AP Human Geography: Development- Chapter 10.1
Before we can really begin to understand development, we have to delve into how it can be defined and measured. In the 60’s the best way to compare development rates was by the Gross National Product. It is a broader category than Gross Domestic Product, which is a measure of goods and services produced in one country in one year, while GNP includes all goods and services from the recorded history.
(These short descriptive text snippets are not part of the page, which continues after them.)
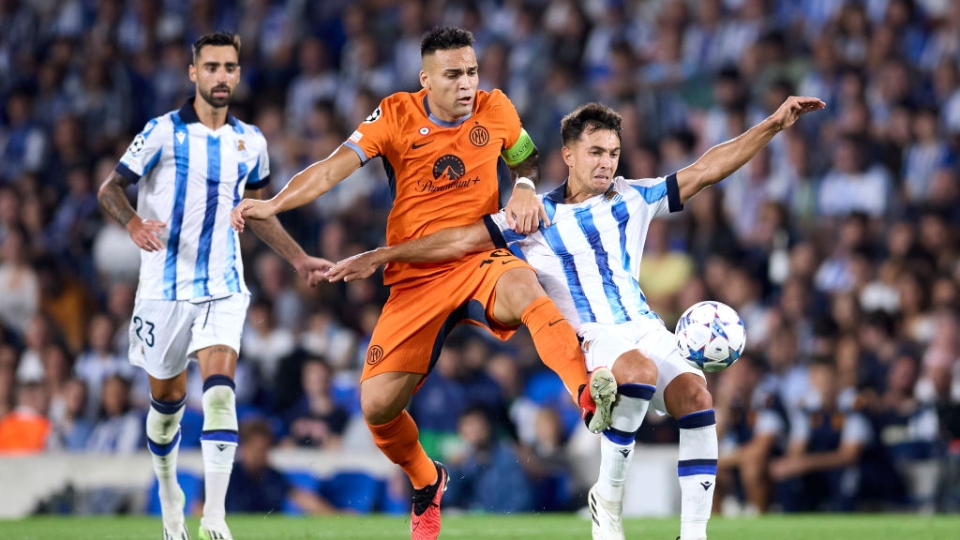 Inter, Lautaro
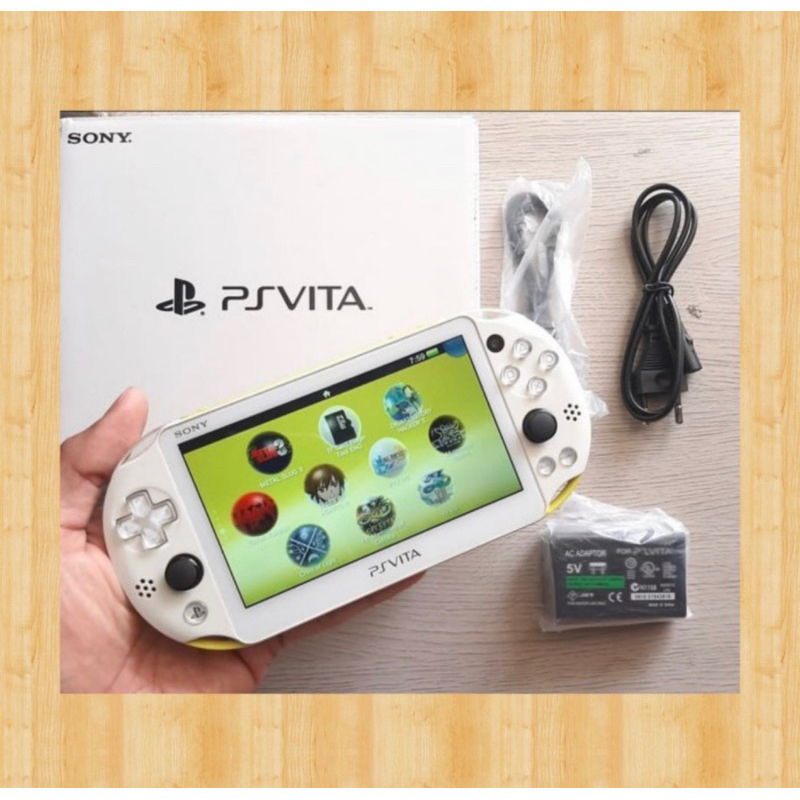 PSP VITA SONY FULL GAME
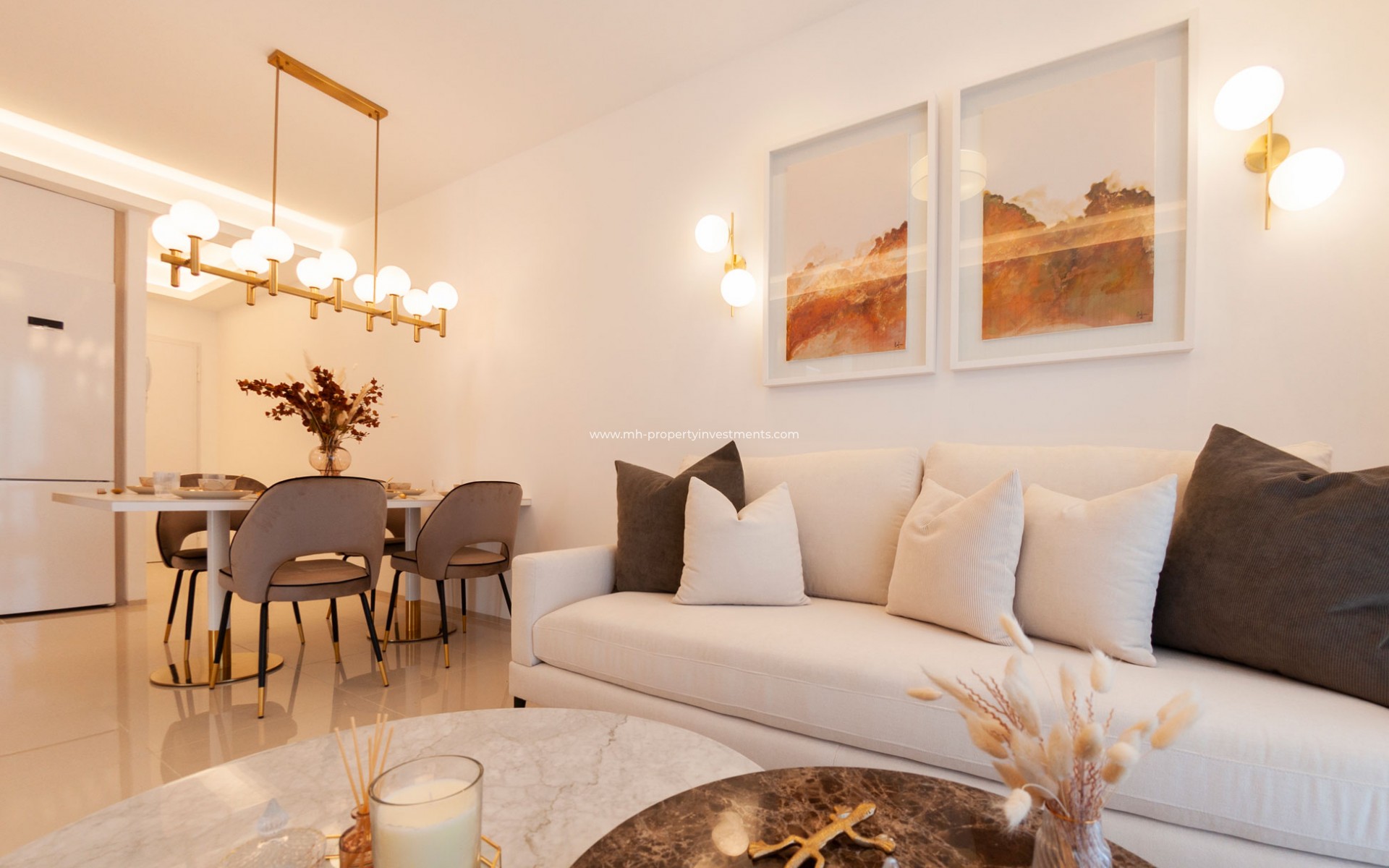 Nouvelle construction - Apartment - Rojales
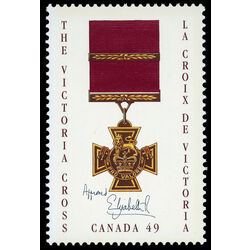 canada stamp 2066 1993 canadian victoria cross illustration 49 2004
The GNP and GDP are slowly fading into the past as more and more countries begin to use a monetary measure called Gross National Income. The GNI is similar to the GNP/GDP because it includes only the formal economy while leaving out the informal economy even though illegal trade helps the general economy greatly. GNI is often seen as per capita GNI (GNI divided by population) to get a better grasp at the financial situation of a country and its populace. Developing countries should see rising GNI rates as they become more modern. To help understand processes of development, models like the modernization model have been created. This model theorizes that each country follows 5 steps to modernization.
The model is countered by ideas that classical colonial powers will always hold power of less developed former colonies called neocolonialism. Neocolonialism is a structuralism theory. Structural Theories effectively state that those in power stay in power. Developing countries work to raise their GNI’s and become more modern. Sometimes they are stalled by neocolonialism, but they keep struggling along a ladder of modernization. They may never reach the top, but they continue to develop as new technology and ideas spread throughout the globe.